*** Opening Records for the task ***
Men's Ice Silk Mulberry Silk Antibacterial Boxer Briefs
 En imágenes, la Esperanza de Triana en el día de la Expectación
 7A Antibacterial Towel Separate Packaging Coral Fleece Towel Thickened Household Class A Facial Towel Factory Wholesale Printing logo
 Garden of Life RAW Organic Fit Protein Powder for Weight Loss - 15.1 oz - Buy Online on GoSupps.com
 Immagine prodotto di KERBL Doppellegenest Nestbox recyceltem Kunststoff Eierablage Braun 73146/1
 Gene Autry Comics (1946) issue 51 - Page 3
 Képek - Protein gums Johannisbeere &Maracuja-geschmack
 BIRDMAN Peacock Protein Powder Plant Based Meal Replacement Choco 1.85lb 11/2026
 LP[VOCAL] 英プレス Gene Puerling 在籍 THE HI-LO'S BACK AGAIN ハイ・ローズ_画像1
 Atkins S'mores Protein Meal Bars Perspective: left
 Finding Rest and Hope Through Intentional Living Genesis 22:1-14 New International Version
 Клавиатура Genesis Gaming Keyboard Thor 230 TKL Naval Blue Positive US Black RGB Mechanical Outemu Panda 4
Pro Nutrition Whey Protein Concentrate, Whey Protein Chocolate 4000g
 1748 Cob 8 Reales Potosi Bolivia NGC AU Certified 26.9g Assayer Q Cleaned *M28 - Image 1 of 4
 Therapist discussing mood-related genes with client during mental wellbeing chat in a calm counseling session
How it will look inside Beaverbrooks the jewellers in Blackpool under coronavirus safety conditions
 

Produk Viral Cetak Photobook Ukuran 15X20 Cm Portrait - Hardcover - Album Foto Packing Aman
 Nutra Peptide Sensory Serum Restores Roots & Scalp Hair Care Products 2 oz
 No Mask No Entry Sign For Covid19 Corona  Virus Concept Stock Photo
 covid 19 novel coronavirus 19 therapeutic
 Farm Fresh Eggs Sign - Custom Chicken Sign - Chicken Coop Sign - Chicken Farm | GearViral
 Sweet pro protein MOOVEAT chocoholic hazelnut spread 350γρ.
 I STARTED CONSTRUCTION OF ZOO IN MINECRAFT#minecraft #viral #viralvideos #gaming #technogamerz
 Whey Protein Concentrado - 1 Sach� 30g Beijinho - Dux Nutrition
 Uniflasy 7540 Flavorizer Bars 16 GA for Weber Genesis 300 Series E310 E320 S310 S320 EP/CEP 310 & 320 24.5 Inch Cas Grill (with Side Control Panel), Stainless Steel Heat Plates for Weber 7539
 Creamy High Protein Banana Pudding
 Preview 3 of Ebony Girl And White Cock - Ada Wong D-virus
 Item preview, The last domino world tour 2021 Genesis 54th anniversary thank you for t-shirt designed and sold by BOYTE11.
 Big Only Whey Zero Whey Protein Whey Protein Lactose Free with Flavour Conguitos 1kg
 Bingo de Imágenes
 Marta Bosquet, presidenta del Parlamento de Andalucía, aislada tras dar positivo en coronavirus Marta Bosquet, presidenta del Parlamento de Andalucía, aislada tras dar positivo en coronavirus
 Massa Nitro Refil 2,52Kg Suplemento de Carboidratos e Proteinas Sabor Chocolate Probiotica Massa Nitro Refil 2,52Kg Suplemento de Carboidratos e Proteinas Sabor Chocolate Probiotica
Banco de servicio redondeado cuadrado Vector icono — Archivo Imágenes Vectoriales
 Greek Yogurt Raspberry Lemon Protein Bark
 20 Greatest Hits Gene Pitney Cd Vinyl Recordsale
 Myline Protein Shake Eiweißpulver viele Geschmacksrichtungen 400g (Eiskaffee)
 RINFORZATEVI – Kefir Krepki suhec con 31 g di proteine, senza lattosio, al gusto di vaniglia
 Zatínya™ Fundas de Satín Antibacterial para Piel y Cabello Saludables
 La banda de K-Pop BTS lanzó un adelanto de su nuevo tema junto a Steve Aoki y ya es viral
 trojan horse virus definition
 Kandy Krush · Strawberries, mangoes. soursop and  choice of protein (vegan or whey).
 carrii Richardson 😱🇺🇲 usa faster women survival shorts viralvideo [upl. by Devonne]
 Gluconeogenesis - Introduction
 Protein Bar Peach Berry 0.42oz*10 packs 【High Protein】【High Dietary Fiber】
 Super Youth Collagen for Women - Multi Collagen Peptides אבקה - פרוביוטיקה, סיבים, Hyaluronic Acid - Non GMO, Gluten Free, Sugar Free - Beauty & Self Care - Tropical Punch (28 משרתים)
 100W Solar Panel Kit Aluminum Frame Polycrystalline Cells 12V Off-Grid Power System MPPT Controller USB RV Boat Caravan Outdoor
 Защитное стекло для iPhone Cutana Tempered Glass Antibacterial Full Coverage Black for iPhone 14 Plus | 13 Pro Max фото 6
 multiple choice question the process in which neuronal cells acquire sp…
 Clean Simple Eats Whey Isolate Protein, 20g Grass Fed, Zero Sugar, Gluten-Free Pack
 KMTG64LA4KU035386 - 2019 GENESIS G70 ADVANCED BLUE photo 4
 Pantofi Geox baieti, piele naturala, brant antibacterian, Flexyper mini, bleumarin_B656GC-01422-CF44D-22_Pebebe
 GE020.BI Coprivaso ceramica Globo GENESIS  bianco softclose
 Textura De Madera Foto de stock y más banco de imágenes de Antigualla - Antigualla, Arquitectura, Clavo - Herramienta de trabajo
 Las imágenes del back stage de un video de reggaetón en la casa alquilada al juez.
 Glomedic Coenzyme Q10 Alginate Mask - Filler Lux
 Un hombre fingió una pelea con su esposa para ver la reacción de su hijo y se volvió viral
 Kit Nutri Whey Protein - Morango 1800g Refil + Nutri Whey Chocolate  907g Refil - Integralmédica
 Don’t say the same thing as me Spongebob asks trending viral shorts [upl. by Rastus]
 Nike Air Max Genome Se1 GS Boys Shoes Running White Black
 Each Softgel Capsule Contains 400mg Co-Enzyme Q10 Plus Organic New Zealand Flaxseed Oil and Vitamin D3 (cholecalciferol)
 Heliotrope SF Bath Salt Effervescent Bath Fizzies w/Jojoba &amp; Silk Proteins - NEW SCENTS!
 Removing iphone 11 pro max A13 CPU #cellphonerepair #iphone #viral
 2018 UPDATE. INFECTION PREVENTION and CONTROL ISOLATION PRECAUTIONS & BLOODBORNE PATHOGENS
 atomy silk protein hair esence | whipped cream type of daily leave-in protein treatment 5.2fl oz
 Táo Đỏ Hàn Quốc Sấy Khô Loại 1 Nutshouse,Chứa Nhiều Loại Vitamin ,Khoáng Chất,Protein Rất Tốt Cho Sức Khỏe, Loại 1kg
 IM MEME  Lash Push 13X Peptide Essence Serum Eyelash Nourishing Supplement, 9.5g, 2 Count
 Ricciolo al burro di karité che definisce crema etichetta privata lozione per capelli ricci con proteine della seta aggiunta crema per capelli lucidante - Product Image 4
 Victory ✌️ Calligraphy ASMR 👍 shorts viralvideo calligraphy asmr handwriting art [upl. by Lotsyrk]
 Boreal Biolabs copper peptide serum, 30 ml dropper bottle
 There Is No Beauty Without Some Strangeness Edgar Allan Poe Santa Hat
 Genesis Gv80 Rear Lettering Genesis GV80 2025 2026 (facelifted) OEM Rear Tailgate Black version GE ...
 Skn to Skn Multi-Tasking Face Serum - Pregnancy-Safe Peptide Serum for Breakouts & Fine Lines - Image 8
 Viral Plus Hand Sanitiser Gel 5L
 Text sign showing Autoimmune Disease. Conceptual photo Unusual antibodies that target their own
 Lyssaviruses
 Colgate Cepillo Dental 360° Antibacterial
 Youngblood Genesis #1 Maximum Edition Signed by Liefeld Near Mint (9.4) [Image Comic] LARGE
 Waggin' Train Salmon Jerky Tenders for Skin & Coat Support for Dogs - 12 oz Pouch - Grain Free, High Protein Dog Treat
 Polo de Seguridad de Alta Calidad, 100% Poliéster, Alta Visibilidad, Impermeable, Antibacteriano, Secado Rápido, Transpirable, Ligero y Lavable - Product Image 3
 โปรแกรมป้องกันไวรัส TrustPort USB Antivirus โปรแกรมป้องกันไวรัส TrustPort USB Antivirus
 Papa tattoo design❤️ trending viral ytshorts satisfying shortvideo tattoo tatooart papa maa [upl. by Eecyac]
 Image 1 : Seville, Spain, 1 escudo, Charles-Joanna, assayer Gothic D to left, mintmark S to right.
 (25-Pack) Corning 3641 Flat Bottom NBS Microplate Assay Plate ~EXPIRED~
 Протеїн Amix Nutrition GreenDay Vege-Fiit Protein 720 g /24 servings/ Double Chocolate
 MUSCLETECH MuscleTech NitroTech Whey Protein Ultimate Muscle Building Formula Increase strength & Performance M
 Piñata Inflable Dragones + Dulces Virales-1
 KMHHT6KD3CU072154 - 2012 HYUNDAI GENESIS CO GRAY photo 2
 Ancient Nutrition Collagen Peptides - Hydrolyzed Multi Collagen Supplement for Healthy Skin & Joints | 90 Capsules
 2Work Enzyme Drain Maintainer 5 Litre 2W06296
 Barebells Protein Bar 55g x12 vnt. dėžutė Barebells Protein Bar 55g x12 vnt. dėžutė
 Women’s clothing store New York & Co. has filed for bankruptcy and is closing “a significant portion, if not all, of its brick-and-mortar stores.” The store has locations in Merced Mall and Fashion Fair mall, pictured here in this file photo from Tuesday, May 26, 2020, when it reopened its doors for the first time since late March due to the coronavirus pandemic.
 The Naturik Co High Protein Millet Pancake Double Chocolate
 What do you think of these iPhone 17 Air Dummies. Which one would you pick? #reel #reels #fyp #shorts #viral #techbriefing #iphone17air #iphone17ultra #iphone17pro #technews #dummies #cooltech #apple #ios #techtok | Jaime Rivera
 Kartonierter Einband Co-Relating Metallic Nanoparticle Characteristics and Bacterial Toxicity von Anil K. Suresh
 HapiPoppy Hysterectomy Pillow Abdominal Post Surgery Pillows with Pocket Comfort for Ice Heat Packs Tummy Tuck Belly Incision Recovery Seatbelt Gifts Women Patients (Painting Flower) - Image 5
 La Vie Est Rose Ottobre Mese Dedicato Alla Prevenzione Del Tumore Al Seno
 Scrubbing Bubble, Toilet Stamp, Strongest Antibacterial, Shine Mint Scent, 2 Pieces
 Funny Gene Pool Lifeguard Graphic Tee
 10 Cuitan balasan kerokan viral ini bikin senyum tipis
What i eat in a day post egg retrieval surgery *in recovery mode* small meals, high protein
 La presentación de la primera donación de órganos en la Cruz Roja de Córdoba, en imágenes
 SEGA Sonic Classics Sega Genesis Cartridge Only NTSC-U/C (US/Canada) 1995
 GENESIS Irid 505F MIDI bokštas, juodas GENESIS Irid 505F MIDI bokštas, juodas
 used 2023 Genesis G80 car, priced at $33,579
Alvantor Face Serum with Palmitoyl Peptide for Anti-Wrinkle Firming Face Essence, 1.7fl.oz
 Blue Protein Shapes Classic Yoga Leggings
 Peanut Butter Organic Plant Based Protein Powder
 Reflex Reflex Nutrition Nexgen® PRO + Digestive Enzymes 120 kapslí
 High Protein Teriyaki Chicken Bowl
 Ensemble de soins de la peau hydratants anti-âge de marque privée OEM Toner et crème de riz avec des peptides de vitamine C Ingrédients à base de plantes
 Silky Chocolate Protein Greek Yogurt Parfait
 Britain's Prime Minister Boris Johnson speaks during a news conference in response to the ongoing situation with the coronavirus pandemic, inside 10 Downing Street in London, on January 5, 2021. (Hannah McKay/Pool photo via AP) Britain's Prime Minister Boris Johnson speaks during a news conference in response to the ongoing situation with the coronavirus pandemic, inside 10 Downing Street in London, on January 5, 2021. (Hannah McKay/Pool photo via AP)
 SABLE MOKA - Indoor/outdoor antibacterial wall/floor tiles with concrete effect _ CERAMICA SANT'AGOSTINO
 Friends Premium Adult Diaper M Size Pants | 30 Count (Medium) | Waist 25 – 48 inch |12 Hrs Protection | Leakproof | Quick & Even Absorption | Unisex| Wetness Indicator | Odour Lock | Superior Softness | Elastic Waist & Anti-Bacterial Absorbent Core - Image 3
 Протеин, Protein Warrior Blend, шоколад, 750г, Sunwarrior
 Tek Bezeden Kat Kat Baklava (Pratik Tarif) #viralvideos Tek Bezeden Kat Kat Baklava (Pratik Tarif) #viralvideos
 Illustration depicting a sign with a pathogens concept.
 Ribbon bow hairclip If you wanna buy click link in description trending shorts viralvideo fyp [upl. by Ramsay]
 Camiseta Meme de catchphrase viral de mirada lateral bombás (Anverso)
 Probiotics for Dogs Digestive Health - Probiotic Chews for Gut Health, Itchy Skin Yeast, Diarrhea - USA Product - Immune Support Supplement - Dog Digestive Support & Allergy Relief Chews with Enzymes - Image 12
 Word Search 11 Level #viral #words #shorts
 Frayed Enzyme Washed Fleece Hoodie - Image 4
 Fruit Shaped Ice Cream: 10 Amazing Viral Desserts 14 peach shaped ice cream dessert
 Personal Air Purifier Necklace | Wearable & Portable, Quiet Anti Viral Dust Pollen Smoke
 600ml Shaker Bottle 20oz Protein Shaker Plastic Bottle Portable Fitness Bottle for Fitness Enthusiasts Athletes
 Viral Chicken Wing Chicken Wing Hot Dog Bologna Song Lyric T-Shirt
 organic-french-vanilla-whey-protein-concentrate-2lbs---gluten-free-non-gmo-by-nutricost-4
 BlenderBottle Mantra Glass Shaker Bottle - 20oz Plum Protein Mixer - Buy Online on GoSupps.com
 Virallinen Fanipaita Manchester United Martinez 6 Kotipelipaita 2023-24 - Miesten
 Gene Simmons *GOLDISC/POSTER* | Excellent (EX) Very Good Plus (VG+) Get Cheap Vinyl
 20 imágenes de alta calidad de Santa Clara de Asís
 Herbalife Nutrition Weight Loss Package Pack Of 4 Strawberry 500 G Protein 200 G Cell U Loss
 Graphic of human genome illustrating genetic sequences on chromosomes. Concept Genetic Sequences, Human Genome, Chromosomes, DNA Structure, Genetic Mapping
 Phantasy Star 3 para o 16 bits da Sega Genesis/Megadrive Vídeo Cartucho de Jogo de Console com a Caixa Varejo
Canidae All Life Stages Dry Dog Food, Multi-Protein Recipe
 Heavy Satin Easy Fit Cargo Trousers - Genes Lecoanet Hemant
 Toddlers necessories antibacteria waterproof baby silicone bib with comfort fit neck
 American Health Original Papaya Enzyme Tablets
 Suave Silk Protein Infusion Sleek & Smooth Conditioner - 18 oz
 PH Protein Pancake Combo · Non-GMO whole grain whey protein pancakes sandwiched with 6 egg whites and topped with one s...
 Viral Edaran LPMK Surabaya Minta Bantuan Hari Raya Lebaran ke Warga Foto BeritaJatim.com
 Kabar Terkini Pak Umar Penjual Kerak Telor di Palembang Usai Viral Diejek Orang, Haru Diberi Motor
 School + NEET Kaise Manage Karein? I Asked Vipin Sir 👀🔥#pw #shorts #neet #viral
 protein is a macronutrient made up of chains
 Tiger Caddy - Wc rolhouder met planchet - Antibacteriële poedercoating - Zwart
*** Closing Records for the task ***
Problem statement:
Across the data, how many lines contain the string "Vinyl"? Only the number is wanted.

The answer:
2